- [What is being asked]: Return only those lines of the material that contain "going".

- [Collected data]:

:::::

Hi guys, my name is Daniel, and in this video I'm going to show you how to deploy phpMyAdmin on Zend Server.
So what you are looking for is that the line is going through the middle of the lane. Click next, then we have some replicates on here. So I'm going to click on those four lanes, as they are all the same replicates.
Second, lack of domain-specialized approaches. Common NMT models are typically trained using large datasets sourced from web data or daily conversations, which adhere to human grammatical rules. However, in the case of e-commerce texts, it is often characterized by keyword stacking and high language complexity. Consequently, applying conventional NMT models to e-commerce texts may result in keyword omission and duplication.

:::::

- [Your response]:
Hi guys, my name is Daniel, and in this video I'm going to show you how to deploy phpMyAdmin on Zend Server.
So what you are looking for is that the line is going through the middle of the lane. Click next, then we have some replicates on here. So I'm going to click on those four lanes, as they are all the same replicates.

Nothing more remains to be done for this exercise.